Welcome back to class! As we approach the end of the semester, it is time to consolidate everything we have learned in Chapters 10 and 12. This review session is designed to test your understanding of parametric equations, polar coordinates, and vector geometry. Below, we walk through the solutions to the review test, highlighting the essential formulas and techniques you need to succeed.
Part 1: Calculus with Parametric Equations
We started the review by looking at a particle moving defined by the parametric equations $x = t^2$ and $y = t^3$. Parametric calculus requires us to think about how $x$ and $y$ change independently with respect to the parameter $t$.
- Finding the Tangent Line: Remember that to find the slope in parametric mode, we use the chain rule: $$\frac{dy}{dx} = \frac{dy/dt}{dx/dt}$$ In our example, at the point $(\frac{1}{4}, \frac{1}{8})$, we found the slope to be $\frac{3}{4}$, leading to the linear equation $y - \frac{1}{8} = \frac{3}{4}(x - \frac{1}{4})$.

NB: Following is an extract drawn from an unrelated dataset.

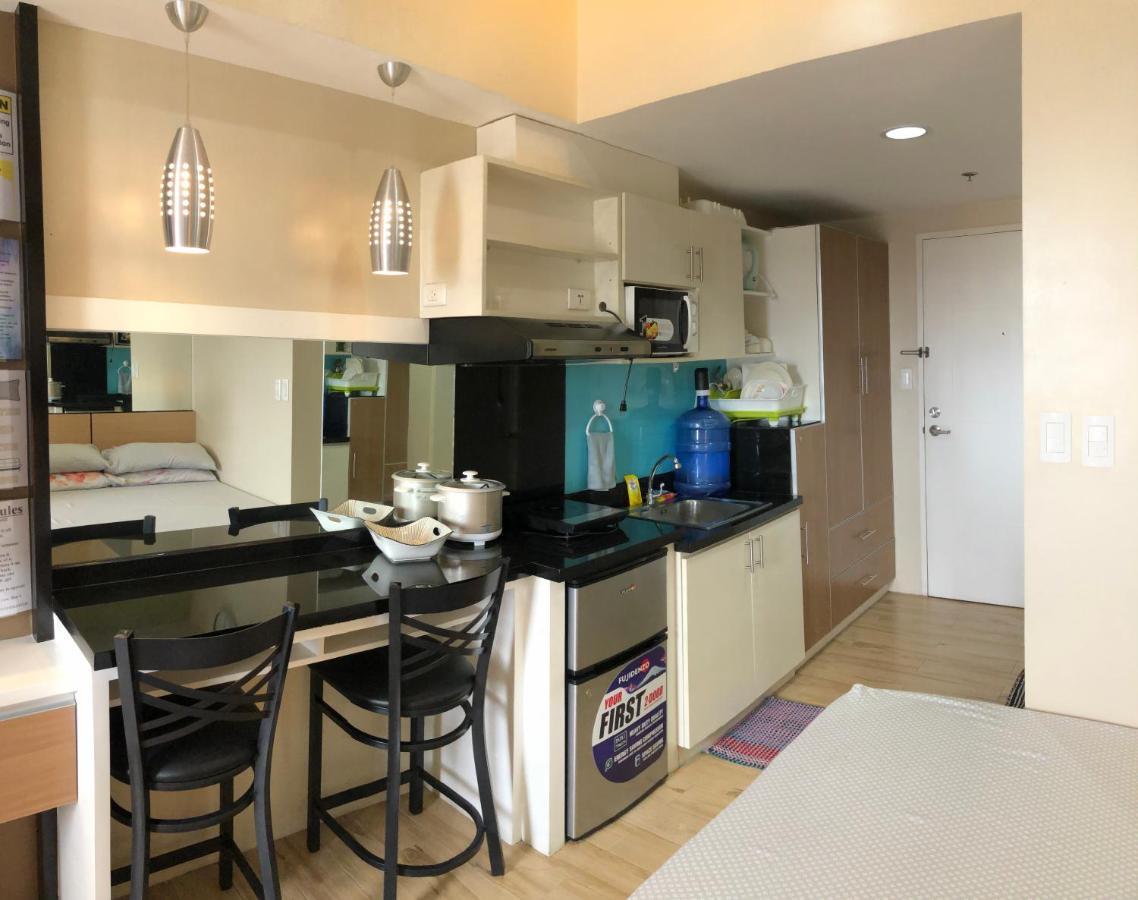 Sunvida Tower Residences Infront Of Sm City Cebu Esterno foto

- Surface Area of Revolution: When rotating around the x-axis, the integral formula becomes somewhat complex. Don't forget the arc length element! The formula we used was: $$S = \int_{\alpha}^{\beta} 2\pi y \sqrt{\left(\frac{dx}{dt}\right)^2 + \left(\frac{dy}{dt}\right)^2} dt$$
Part 2: Polar Coordinates and Integration
Next, we tackled the polar curve $r = 2\sin\theta$. A critical skill in Chapter 10 is converting between polar and rectangular forms and performing calculus on polar curves.
Key Takeaway: When calculating the Area under the curve in polar coordinates, we use the formula $A = \int \frac{1}{2}r^2 d\theta$. In this specific problem, we had to integrate $\sin^2\theta$. This is a classic calculus trap! Always remember your power-reducing identity:
$$\sin^2\theta = \frac{1}{2}(1 - \cos 2\theta)$$Using this identity made the integration straightforward, resulting in an area of $\pi$. We also calculated the Arc Length using $L = \int \sqrt{r^2 + (dr/d\theta)^2} d\theta$, which simplified beautifully to $2\pi$.
Part 3: Vectors and Static Equilibrium
Moving into Chapter 12, we applied vectors to a real-world physics problem involving a crane suspending a 400-lb steel beam. This problem required us to find the tension in cables acting at $60^{\circ}$ angles.
To solve this, we broke the tension vectors ($T_1$ and $T_2$) into their horizontal ($i$) and vertical ($j$) components. Since the beam is in static equilibrium, the sum of the forces must equal zero:
- Sum of horizontal forces = 0
- Sum of vertical forces - Weight = 0
By setting up this system of equations, we determined the magnitude of the tension was approximately $230.9$ lbs.
Part 4: Vector Operations and Geometry
Finally, we reviewed pure vector geometry operations, which are essential for understanding 3D space.
- Angle Between Vectors: To find the angle between vector $\mathbf{u}$ and $\mathbf{v}$, we utilized the dot product formula: $$\cos \theta = \frac{\mathbf{u} \cdot \mathbf{v}}{||\mathbf{u}|| ||\mathbf{v}||}$$ After calculating the dot product (which was 3) and the magnitudes, we found the angle to be approximately $79.9^{\circ}$.
- The Scalar Triple Product: The final challenge asked if four points lay in the same plane (coplanar). We used vectors $\vec{AB}, \vec{AC},$ and $\vec{AD}$ to form a determinant. The geometric interpretation of the scalar triple product is the volume of a parallelepiped defined by those vectors.
Since our calculated determinant was $3$ (and not $0$), there is volume, which means the points do not lie in the same plane.
Keep practicing these formulas, especially the trigonometric identities for integration and the geometric interpretations of vector products. Good luck studying!